• Source information
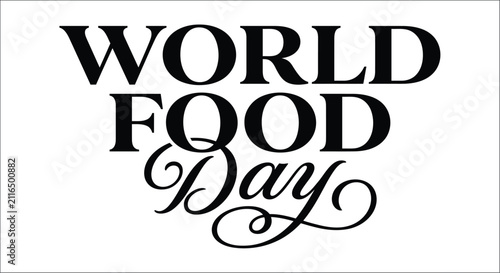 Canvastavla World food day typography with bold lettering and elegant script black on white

...

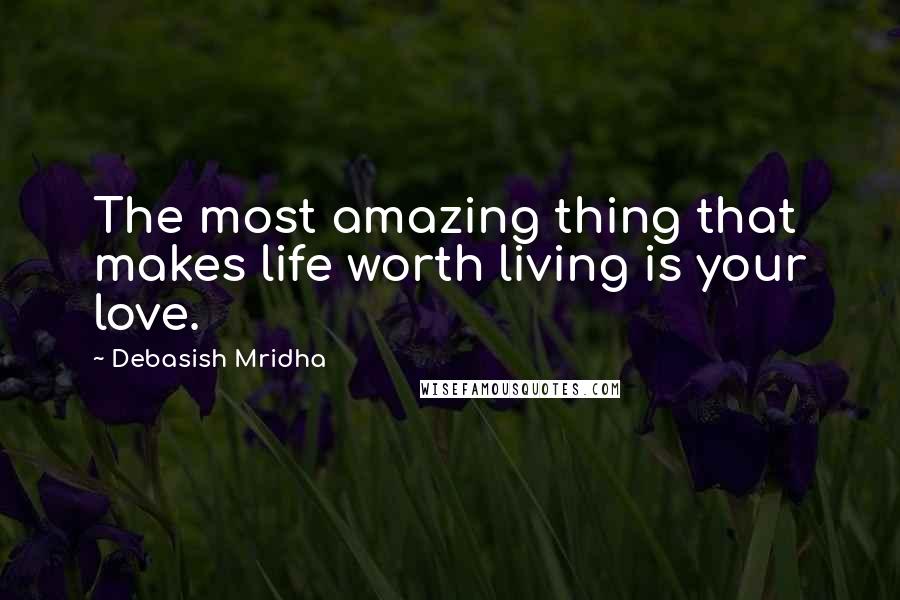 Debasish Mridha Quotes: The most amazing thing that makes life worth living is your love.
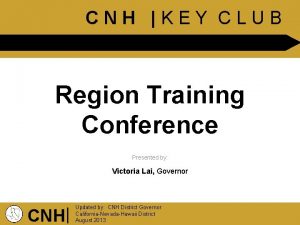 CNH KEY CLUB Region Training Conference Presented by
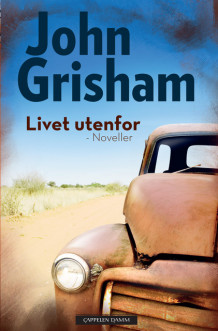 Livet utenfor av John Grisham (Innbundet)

• Work request
Copy word for word the lines above, starting at the line containing "CNH KEY CLUB" and ending at the line containing "Livet utenfor av John Grisham (Innbundet)", inclusive, with no pictures.

• Answer to this task
 CNH KEY CLUB Region Training Conference Presented by
 Livet utenfor av John Grisham (Innbundet)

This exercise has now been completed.